## Your instructions
Reproduce the listing exactly and skip over any pictures.

## Information shown
------------------------
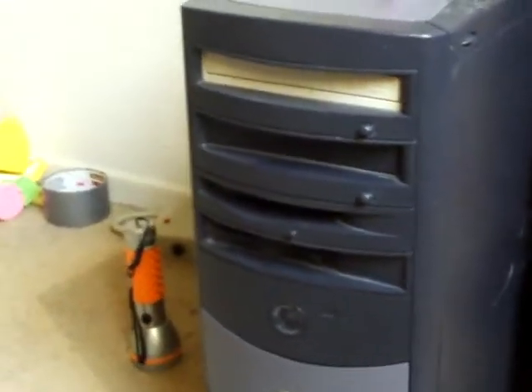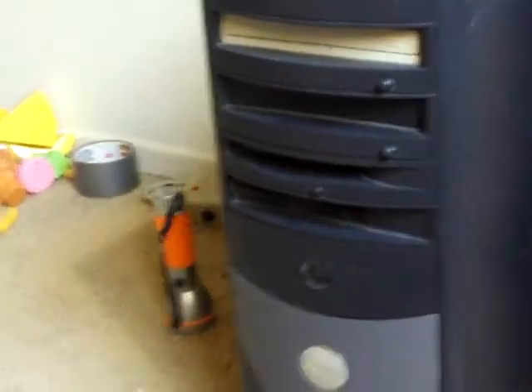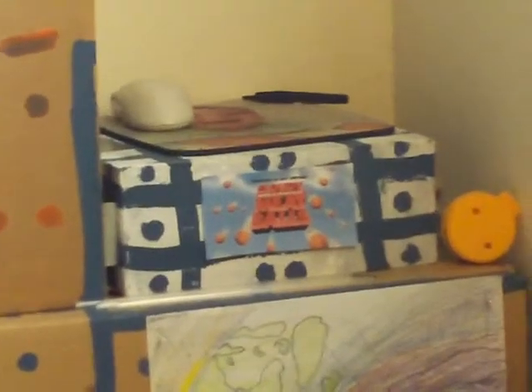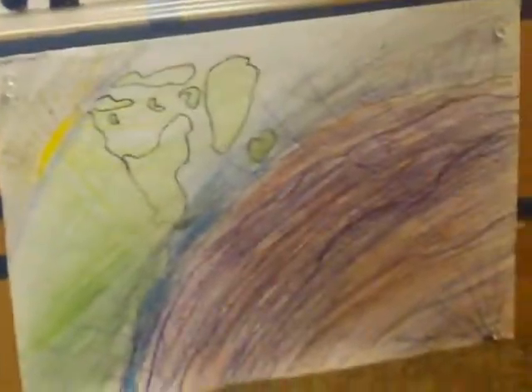This is a little Cloudy with a Chance of Meatballs-themed build. I decided to take my computer and put it in a bunch of boxes to make a little cool thing set. As you can see, I painted it all very nice — there's a little icon right there. I did this drawing here, and I did this drawing of the storm going all over the world.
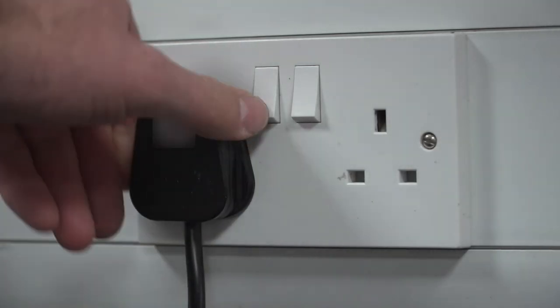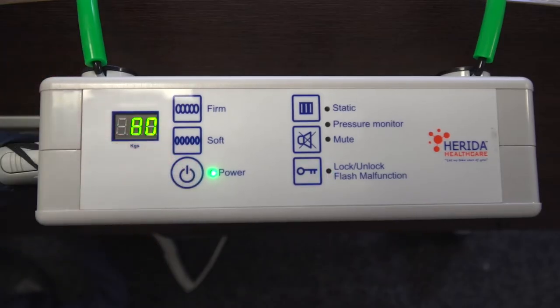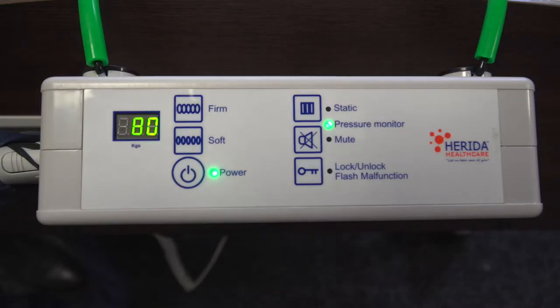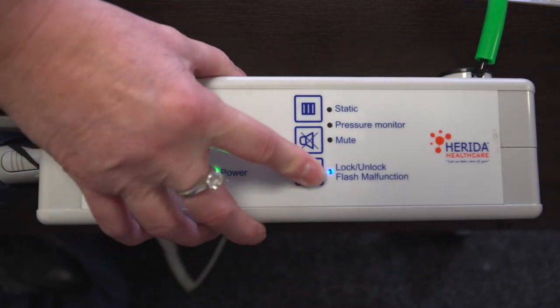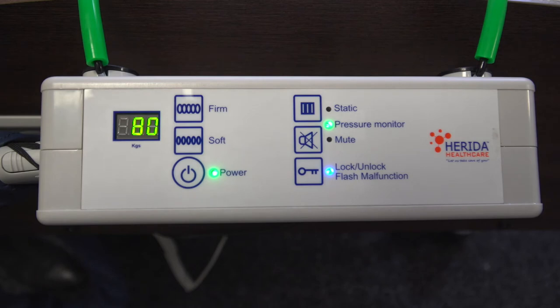Switch the pump on at the power socket and press the power button on the control panel. To set the pump to operate with the patient's weight, we need to first unlock the pump. To do this, hold down the lock/unlock button for three seconds. The pump will sound a short beep and the blue LED light will go off once the pump is unlocked.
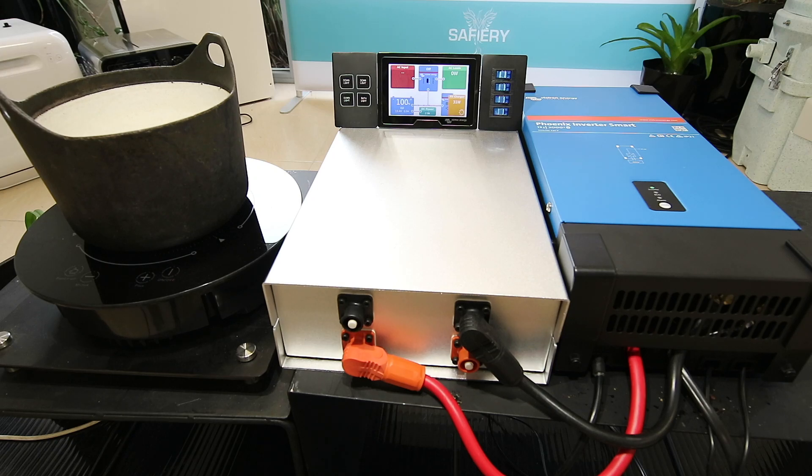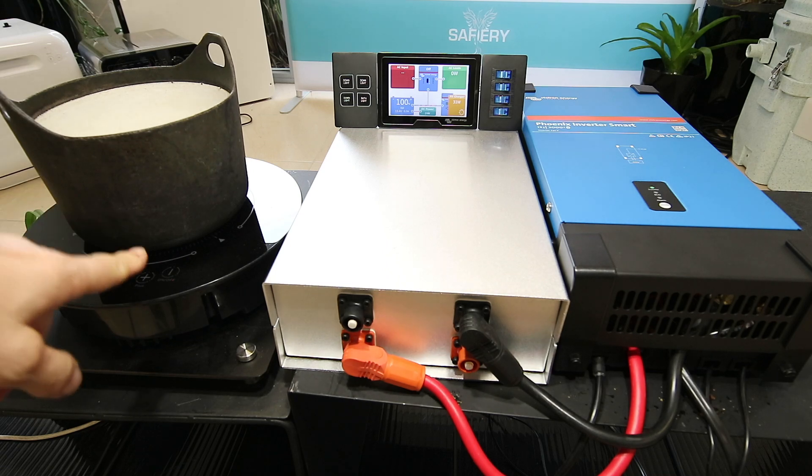Hi, Bruce from Safari. We're here having a look at what I call the perfect upgrade for people with existing DC to DC systems, no matter what the brand is. If you've already got one of those installed in your four-wheel drive and you want to upgrade and go to something like this induction cooktop,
------------------------
## Solved exercise
This is a little Cloudy with a Chance of Meatballs-themed build. I decided to take my computer and put it in a bunch of boxes to make a little cool thing set. As you can see, I painted it all very nice — there's a little icon right there. I did this drawing here, and I did this drawing of the storm going all over the world.
Switch the pump on at the power socket and press the power button on the control panel. To set the pump to operate with the patient's weight, we need to first unlock the pump. To do this, hold down the lock/unlock button for three seconds. The pump will sound a short beep and the blue LED light will go off once the pump is unlocked.
Hi, Bruce from Safari. We're here having a look at what I call the perfect upgrade for people with existing DC to DC systems, no matter what the brand is. If you've already got one of those installed in your four-wheel drive and you want to upgrade and go to something like this induction cooktop,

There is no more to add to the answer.